What do I do now? How can I make right what I’ve done wrong? If there were any penalty under the law for my misdeed, I would gladly bear it. I wish the petition I signed were still in my hand, that I might throw it away. But can I take my signature back? Can I remove it from that foul document?
Where are you at?
What do you think? Do any of the details of your own story intersect at all with what you just read? Have you signed the “Protect Women and Children” initiative but later regretted doing so? Did what you read just now give rise to any questions? Are you firmly committed to having signed the petition?
Reader, if you signed the “Protect Women and Children” petition, and now wish you hadn’t, please know that there is something that you can do! See the next section below.

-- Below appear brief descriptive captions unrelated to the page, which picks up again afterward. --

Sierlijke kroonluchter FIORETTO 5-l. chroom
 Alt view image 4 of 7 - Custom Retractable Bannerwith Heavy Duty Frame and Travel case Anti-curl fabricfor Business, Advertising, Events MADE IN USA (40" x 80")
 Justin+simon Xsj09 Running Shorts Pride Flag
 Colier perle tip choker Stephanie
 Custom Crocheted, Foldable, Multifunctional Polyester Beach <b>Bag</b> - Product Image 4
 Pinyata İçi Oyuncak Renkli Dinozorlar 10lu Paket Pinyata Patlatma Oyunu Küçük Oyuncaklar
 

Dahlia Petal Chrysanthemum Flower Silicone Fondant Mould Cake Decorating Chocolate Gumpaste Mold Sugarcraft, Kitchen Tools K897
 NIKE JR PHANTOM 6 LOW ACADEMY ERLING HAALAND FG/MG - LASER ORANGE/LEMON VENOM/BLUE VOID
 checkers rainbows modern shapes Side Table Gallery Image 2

But perhaps instead, you’ve reached this page and you’re still not sure. Or maybe you balk at even the suggestion that signing the “Protect Women and Children” is anything other than a good and important measure. Friend, if either of those things describes you, we ask: Are you aware of just how similar the “Protect Women and Children” and “Protect the Right to Abortion” initiatives are? If you are against the one, why would you sign your name in support of the other? If the fact that both proposed amendments are very much alike is news to you, could you please take some time to read “Questions for Nate Grasz and Nebraska Family Alliance”? In it we identify 15 ways the two amendments are similar. Would you be willing to give them some thought and ponder what is said?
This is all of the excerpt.